Brief descriptive captions:
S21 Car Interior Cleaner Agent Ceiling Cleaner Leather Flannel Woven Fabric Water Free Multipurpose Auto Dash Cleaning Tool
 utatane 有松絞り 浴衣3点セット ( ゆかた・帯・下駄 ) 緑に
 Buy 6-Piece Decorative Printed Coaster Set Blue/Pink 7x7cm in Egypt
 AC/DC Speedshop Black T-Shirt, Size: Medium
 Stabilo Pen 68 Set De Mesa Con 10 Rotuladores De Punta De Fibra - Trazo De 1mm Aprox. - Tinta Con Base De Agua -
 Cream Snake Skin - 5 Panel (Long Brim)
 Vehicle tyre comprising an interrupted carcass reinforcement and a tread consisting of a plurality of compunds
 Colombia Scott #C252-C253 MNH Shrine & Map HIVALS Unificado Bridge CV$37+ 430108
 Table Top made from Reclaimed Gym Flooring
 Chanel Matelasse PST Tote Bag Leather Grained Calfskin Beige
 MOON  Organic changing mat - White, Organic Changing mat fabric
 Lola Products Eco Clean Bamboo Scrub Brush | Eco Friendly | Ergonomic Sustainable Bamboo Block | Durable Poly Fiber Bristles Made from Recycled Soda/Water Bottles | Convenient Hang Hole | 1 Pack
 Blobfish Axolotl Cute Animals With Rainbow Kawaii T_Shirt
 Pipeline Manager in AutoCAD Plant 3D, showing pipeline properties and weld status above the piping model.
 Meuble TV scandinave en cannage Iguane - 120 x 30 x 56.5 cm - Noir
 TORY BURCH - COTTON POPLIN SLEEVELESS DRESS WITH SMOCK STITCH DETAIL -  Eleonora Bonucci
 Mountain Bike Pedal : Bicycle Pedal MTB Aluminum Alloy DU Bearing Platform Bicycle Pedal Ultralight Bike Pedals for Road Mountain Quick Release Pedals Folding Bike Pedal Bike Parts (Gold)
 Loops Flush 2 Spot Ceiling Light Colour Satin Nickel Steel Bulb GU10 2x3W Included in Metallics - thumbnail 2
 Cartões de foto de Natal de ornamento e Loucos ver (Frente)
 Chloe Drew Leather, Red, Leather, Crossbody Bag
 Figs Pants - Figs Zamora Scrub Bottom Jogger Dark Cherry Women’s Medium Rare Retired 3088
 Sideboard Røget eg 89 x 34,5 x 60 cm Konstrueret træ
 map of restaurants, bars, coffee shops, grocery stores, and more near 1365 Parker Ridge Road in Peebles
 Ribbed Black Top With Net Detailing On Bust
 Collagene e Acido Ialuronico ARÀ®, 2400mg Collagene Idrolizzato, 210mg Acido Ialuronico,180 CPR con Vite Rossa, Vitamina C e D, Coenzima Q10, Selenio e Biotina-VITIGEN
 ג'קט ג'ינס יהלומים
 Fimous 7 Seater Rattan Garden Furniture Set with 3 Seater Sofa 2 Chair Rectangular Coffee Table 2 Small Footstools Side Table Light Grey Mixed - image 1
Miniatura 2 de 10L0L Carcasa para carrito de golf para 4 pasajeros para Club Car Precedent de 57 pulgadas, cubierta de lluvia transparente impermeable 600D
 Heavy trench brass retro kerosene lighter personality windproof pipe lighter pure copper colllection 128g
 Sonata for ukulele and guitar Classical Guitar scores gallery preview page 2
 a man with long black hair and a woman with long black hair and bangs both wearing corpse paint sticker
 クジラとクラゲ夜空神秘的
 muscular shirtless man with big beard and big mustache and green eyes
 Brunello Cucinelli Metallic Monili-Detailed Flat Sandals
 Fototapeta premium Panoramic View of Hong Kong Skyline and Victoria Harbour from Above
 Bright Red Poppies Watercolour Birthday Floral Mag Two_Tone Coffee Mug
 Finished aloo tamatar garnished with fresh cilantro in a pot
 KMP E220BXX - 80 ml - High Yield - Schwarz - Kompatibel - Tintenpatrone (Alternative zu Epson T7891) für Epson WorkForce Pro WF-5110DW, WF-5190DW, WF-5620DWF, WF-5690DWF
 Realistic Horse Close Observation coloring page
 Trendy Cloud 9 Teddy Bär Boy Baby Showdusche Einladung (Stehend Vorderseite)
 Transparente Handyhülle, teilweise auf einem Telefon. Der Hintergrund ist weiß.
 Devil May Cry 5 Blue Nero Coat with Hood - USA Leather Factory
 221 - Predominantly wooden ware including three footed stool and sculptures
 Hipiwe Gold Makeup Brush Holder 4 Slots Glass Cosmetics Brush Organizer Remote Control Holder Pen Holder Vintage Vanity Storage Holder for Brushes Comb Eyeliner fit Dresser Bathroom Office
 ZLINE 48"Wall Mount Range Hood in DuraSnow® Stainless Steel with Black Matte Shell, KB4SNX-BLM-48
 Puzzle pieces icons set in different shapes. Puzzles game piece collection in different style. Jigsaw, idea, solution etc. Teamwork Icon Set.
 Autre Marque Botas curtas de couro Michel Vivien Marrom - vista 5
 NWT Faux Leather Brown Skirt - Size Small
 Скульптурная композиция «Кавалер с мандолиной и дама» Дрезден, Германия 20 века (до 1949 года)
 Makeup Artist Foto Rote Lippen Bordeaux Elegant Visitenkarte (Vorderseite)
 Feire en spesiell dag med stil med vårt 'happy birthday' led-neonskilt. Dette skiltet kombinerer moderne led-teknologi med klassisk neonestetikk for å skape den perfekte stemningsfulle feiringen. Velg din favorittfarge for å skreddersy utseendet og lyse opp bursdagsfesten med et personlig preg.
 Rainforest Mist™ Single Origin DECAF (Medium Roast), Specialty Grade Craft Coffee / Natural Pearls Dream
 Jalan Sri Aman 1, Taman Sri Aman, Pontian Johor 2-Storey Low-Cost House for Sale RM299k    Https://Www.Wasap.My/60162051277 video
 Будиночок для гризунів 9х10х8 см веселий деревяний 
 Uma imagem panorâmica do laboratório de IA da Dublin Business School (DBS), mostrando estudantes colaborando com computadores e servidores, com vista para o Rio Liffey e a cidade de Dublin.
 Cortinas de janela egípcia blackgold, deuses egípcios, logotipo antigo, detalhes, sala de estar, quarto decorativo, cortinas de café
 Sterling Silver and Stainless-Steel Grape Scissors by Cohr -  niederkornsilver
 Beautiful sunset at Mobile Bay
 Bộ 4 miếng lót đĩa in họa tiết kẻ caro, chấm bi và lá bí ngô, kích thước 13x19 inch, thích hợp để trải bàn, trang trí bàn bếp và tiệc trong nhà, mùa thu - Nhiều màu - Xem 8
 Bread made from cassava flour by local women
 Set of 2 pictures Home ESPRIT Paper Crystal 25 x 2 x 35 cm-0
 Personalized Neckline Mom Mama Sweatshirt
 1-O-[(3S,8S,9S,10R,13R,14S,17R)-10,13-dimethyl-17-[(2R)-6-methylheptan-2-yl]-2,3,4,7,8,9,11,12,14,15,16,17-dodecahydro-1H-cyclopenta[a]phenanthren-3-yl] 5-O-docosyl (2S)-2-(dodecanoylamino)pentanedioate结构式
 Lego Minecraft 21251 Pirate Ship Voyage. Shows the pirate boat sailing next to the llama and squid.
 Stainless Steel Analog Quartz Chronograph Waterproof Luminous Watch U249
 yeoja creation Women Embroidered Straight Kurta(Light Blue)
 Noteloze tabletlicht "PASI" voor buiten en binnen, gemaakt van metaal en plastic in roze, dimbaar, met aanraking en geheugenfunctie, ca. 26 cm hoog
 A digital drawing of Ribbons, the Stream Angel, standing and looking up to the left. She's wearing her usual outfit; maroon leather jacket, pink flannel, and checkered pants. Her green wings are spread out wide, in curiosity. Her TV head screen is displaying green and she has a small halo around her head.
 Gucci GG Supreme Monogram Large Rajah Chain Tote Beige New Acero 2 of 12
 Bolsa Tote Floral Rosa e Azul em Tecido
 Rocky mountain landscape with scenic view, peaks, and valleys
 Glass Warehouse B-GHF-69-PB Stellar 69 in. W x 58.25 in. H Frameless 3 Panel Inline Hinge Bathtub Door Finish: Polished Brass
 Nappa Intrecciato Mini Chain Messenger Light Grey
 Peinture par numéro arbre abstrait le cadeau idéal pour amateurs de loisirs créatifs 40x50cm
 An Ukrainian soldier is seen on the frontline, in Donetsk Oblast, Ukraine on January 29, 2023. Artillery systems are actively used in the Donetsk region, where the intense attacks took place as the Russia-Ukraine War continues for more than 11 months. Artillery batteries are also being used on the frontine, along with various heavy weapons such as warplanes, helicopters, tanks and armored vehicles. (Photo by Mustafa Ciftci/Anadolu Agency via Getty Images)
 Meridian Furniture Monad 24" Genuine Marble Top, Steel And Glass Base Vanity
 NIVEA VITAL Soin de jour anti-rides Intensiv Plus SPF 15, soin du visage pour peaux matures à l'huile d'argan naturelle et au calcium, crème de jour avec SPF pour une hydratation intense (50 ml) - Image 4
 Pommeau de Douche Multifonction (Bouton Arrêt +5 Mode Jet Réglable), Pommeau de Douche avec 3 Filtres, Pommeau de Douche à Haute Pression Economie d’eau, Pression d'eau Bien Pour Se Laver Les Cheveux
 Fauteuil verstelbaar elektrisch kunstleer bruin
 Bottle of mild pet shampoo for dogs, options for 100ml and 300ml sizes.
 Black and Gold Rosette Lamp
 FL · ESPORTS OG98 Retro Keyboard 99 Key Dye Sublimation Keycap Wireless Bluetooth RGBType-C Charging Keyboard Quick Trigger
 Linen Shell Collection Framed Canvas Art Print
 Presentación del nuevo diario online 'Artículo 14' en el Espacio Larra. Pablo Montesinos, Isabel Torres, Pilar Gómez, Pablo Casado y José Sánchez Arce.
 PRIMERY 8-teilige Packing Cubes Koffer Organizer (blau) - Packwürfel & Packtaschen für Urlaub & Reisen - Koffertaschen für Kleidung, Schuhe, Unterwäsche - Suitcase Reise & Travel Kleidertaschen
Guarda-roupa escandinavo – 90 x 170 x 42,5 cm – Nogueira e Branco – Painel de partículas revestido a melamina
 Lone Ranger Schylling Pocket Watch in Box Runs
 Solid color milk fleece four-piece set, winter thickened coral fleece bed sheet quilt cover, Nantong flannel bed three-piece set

What the task requires: The required output is every line above from the one with "Changing mat fabric" down to the one with "TORY BURCH - COTTON", restated word for word, ends included.

Expected output:
 MOON  Organic changing mat - White, Organic Changing mat fabric
 Lola Products Eco Clean Bamboo Scrub Brush | Eco Friendly | Ergonomic Sustainable Bamboo Block | Durable Poly Fiber Bristles Made from Recycled Soda/Water Bottles | Convenient Hang Hole | 1 Pack
 Blobfish Axolotl Cute Animals With Rainbow Kawaii T_Shirt
 Pipeline Manager in AutoCAD Plant 3D, showing pipeline properties and weld status above the piping model.
 Meuble TV scandinave en cannage Iguane - 120 x 30 x 56.5 cm - Noir
 TORY BURCH - COTTON POPLIN SLEEVELESS DRESS WITH SMOCK STITCH DETAIL -  Eleonora Bonucci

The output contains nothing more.